C. perfringens strain JIR325 is a rifampin- and nalidixic acid-resistant derivative of strain 13, a toxinotype A strain originally isolated from the soil (22). C. perfringens strain 56 was isolated from the gut of a broiler chicken having necrotic lesions in the intestine (14). Escherichia coli laboratory strain DH5 (45) was used for routine plasmid DNA isolation.

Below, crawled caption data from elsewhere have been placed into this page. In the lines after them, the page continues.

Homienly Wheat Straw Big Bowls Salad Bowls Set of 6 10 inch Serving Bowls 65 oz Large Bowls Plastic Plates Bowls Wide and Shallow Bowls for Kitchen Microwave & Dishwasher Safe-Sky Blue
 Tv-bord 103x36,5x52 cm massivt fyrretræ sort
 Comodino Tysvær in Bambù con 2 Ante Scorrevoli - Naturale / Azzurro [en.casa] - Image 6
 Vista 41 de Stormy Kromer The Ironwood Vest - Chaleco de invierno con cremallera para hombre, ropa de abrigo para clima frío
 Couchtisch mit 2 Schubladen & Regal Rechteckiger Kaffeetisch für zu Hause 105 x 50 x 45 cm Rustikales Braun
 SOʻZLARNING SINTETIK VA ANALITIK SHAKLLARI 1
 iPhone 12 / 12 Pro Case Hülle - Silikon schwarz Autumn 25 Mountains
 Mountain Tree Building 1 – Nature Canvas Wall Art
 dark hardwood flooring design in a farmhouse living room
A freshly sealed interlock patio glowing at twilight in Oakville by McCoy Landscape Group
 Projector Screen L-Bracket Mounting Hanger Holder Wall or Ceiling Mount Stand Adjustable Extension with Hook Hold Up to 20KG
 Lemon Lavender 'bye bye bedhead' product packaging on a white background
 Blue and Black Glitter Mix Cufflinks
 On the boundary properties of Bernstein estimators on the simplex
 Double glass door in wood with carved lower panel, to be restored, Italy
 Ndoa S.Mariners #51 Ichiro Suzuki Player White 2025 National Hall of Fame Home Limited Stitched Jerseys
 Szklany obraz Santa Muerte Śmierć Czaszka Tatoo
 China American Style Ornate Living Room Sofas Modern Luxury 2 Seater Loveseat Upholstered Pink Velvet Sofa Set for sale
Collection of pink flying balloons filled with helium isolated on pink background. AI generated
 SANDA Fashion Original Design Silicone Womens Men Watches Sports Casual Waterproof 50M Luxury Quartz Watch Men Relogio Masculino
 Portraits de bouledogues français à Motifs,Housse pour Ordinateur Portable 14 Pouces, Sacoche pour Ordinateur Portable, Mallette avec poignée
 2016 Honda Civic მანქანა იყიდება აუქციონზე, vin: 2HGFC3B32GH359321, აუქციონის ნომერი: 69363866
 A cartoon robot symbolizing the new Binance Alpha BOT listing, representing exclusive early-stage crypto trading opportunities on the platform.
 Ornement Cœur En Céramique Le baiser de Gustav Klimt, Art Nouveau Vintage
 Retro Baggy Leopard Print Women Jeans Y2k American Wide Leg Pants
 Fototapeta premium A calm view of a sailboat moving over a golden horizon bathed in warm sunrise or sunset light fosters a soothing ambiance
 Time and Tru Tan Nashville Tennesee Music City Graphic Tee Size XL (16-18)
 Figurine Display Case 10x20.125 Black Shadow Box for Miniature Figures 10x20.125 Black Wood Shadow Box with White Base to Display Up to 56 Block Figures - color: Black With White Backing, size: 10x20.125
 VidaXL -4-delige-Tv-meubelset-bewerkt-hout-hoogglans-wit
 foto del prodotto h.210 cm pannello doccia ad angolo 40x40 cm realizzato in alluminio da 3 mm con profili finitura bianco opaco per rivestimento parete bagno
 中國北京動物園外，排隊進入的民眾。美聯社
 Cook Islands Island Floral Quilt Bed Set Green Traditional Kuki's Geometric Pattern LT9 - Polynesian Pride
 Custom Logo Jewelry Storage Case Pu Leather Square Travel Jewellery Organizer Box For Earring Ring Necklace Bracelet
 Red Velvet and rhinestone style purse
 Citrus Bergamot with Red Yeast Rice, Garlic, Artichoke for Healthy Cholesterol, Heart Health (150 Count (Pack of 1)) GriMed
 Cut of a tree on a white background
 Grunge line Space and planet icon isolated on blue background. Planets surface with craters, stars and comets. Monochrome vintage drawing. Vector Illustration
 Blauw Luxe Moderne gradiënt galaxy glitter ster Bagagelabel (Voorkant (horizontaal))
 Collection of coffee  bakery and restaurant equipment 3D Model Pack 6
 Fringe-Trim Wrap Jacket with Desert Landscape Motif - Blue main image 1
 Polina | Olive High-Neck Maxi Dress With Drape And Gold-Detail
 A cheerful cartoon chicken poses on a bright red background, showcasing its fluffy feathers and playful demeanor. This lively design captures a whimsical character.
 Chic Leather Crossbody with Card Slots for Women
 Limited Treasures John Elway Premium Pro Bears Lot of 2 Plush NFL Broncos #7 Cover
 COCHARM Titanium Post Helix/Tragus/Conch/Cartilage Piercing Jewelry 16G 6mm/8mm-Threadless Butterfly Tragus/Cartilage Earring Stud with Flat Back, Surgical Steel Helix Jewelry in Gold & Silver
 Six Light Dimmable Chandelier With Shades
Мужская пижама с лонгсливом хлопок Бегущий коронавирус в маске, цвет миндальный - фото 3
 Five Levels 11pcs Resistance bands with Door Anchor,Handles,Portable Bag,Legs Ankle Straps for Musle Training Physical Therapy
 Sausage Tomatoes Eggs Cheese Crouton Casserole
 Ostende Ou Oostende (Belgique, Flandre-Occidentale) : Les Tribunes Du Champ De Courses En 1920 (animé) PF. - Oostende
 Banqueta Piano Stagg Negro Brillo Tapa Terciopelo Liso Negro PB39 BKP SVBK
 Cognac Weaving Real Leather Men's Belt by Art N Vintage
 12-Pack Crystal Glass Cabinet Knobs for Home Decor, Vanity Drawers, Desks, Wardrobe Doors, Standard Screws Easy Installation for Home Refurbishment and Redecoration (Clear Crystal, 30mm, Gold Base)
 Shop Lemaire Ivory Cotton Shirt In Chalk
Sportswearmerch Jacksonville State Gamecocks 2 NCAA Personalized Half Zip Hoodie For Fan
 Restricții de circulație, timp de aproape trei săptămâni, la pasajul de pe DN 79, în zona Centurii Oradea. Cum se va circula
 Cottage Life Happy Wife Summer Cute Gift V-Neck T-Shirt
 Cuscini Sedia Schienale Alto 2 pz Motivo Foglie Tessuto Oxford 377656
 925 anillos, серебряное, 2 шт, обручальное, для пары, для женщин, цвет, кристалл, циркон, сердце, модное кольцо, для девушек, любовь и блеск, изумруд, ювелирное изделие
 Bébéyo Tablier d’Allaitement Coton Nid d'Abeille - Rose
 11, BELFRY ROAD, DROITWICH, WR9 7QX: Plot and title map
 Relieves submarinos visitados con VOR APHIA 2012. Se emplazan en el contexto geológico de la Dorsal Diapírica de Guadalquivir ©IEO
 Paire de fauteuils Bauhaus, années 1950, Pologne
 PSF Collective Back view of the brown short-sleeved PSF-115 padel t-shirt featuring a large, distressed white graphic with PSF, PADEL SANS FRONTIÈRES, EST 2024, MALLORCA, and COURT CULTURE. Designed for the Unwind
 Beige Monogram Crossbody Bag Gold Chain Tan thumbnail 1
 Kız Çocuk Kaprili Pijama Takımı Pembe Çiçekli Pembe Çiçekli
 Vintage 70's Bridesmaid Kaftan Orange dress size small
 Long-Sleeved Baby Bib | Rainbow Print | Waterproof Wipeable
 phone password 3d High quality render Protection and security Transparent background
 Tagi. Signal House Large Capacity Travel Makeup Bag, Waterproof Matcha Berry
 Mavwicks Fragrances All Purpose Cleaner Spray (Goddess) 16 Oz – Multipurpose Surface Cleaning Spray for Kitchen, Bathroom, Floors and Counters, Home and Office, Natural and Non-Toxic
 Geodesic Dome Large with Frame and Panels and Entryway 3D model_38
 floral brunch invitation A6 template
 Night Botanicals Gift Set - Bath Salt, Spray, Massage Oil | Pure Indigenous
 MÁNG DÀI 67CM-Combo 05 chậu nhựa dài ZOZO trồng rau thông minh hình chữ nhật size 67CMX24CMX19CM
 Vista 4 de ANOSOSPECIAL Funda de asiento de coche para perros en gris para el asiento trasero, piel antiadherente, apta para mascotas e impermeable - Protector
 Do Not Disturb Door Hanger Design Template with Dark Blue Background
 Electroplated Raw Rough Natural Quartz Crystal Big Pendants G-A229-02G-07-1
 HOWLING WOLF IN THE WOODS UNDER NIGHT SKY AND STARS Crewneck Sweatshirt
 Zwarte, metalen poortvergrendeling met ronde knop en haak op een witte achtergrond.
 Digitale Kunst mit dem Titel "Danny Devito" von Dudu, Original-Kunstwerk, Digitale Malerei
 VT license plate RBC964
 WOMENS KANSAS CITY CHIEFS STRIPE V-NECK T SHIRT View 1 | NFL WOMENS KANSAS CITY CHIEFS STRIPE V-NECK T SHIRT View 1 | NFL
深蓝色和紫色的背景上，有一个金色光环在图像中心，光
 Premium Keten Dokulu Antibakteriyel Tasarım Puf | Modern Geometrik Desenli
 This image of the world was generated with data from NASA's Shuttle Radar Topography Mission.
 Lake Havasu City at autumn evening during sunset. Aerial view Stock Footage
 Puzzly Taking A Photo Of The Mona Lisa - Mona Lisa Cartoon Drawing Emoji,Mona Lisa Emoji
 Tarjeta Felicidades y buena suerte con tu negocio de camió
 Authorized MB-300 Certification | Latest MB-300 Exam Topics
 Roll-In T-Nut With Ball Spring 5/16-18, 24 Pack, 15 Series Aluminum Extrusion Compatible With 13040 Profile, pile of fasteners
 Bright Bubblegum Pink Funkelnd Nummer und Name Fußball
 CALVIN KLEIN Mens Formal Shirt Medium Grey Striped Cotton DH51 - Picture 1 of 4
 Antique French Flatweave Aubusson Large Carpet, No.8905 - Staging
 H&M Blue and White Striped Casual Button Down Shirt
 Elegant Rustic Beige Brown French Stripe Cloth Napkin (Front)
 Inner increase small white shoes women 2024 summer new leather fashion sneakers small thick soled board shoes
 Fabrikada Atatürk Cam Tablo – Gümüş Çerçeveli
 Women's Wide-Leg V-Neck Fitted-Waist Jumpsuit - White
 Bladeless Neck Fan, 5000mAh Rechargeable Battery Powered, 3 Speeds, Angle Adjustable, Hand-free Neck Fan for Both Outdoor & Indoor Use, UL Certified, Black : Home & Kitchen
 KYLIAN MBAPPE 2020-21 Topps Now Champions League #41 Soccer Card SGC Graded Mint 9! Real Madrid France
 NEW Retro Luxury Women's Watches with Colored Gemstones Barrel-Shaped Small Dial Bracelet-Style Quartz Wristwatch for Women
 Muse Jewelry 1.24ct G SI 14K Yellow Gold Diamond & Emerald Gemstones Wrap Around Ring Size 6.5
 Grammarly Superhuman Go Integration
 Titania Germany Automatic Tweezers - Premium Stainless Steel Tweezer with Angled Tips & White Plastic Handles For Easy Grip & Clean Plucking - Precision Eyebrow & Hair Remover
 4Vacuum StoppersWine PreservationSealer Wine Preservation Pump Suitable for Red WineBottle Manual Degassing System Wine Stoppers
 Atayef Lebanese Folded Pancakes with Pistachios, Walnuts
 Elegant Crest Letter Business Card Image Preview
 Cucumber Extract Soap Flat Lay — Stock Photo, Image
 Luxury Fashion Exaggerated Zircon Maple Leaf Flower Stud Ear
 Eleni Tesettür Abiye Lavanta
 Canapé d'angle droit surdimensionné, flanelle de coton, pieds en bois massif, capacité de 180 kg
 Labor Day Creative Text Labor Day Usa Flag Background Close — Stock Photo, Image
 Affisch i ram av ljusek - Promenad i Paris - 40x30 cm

C. perfringens strains were grown anaerobically at 37°C in brain heart infusion broth (Oxoid, Basingstoke, United Kingdom) or TGY broth (30 g tryptone [Oxoid], 20 g Bacto yeast extract [BD Biosciences, San Jose, CA], 1 g glucose [Sigma, St. Louis, MO], and 1 g L-cysteine [Sigma]). The solid medium used for C. perfringens consisted of 3.9% Colombia agar base (Oxoid) supplemented with 5% defibrinated sheep blood (International Medical, Brussels, Belgium) or 2% egg yolk in plates (referred to below as egg yolk agar plates).

E. coli DH5 was grown aerobically at 37°C in Luria broth (Sigma).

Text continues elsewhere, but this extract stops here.